Resident Commissioner of the Gilbert and Ellice Islands
- In office 1895–1909
- Preceded by: Charles Richard Swayne
- Succeeded by: John Quayle-Dickson

Personal details
- Born: 19 March 1863 India
- Died: 12 March 1929 (aged 65) Dorset
- Occupation: Colonial Service

= William Telfer Campbell =

British Colonial Service administrator

William Telfer Campbell (March 19, 1863 – March 12, 1929), born in India, was the second Resident Commissioner of the Gilbert and Ellice Islands protectorate, from 1895 to 1909.

Campbell had started his career in the Royal Irish Constabulary. He was twice the subject of official enquiries into high-handedness, brutality, and the use of forced labour. In 1901 complaints began to reach the United Kingdom of misgovernment in the Gilbert Islands.
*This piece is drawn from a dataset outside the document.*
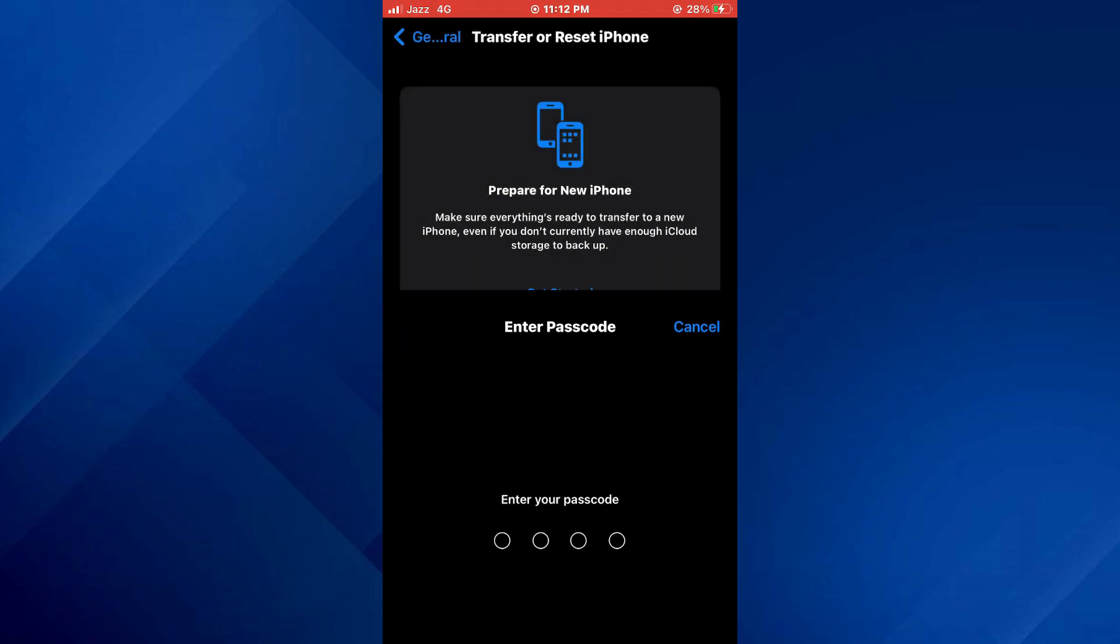Once you tap on it, you will be asked to enter your device's password. Enter the code and you are all done.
The conduct of Campbell was criticised as to his legislative, judicial and administrative management (including allegations of forced labour exacted from islanders) and became the subject of the 1909 report by Arthur Mahaffy. In 1913, an anonymous correspondent to The New Age newspaper described the maladministration of W. Telfer Campbell and challenged the partiality of Arthur Mahaffy, because he was a former colonial official in the Gilbert and Ellice Islands Protectorate. The anonymous correspondent, probably John Quayle-Dickson, also criticised the operations of the Pacific Phosphate Company on Ocean Island.

He was then British consul in Tonga from 1909 to 1913. After being "withdrawn from service in the Pacific", he became Colonial Secretary of the Colony of The Gambia.